Populists are charismatic leaders with an unmediated connection with their base that relies on that base’s perception of the candidate as one of them or their voice against an elite that excludes them. As a result, populist parties serve only to propagate the cult of personality of the candidate and mobilize their supporters, with many coming into existence just months before an election. The 166-year-old Republican Party would seem impervious to such a label, and for most of its history that would be correct, but during the administration of President Donald Trump the party has become yet another democratic institution to succumb to the egotistical ambitions of the president.
Both parties have become more about their presidential candidates over the course of the twentieth century as politics become more national and ever more accessible. Presidential candidates have become the faces of their parties while they occupy the post. As the United States has become more polarized elected officials increasingly feel like their fortunes are tied to that of their party’s presidential candidate. This has created a terrifying obedience to the president within his own party that has eviscerated the jealousy of congress for its own power against the power of the executive. While this trend is worrying enough, what is happening in the Republican Party is worse still.

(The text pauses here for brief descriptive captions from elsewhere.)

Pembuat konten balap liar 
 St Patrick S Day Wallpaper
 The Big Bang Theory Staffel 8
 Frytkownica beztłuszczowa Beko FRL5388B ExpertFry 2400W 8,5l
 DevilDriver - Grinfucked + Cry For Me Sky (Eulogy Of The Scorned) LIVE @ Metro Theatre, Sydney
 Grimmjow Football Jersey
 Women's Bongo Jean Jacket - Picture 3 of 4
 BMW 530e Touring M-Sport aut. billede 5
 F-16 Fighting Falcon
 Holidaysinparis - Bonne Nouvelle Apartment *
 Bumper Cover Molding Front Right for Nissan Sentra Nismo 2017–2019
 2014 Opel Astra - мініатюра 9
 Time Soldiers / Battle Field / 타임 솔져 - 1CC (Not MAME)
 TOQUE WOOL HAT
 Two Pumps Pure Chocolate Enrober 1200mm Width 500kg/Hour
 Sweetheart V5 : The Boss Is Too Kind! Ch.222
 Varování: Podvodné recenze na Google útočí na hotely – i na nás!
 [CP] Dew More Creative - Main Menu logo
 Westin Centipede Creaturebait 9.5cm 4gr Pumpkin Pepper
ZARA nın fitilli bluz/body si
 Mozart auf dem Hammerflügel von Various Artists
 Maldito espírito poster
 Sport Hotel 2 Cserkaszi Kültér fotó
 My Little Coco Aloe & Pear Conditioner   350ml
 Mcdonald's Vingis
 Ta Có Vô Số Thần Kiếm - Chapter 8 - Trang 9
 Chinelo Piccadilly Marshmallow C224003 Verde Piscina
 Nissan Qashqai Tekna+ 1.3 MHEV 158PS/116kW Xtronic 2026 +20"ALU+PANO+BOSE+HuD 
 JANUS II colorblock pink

While it might seem like an eternity ago, the Republican Party did not espouse many of the principles that Donald Trump did in 2016. During his run for the nomination, he was lambasted in no uncertain terms by Republicans like Mitt Romney, Rand Paul, Ted Cruz, and many others. Just weeks before the election, Paul Ryan told a party conference call that he was done defending the party candidate and his untenable positions. Only Romney can claim to have remained true to his pre-Trump stance. Since then the party has adopted uncharacteristically authoritarian, economically nationalist, and anti-globalist positions while GOP lawmakers struggle to find justifications for every outrageous claim and comment the president makes. For years we have seen members of the Republican Party vehemently support positions they used to oppose and denounce the president’s in party opponents as bad conservatives and bad Republicans.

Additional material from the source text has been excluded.